**Task details**
For this exercise, restate word for word only the lines from the first line of the data to the line containing "Renzo Gracie Academy".

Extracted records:
·····
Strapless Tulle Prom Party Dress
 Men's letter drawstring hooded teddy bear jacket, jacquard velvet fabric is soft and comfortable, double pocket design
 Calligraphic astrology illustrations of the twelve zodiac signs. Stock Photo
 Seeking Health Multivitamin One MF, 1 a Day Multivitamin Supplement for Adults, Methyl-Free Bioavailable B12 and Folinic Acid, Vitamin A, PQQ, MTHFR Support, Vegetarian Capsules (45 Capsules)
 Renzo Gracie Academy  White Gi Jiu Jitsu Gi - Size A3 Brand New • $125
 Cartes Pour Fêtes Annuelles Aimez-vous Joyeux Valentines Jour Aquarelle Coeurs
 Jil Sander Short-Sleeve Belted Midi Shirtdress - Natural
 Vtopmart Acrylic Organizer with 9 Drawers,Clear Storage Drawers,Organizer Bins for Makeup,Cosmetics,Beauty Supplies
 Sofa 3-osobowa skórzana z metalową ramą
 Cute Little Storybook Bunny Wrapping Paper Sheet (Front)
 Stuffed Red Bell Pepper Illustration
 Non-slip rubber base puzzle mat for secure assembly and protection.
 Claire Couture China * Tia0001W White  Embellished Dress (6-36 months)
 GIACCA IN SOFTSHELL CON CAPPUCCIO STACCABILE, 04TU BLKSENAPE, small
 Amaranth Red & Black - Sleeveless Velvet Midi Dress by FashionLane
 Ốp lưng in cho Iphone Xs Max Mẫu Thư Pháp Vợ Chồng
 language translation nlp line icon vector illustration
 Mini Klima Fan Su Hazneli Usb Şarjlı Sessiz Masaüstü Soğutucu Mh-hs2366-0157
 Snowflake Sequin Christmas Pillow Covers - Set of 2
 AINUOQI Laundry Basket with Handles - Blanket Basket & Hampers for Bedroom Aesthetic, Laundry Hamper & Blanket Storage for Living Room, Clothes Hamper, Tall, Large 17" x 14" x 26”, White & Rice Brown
·····
**Reply to the task**
Strapless Tulle Prom Party Dress
 Men's letter drawstring hooded teddy bear jacket, jacquard velvet fabric is soft and comfortable, double pocket design
 Calligraphic astrology illustrations of the twelve zodiac signs. Stock Photo
 Seeking Health Multivitamin One MF, 1 a Day Multivitamin Supplement for Adults, Methyl-Free Bioavailable B12 and Folinic Acid, Vitamin A, PQQ, MTHFR Support, Vegetarian Capsules (45 Capsules)
 Renzo Gracie Academy  White Gi Jiu Jitsu Gi - Size A3 Brand New • $125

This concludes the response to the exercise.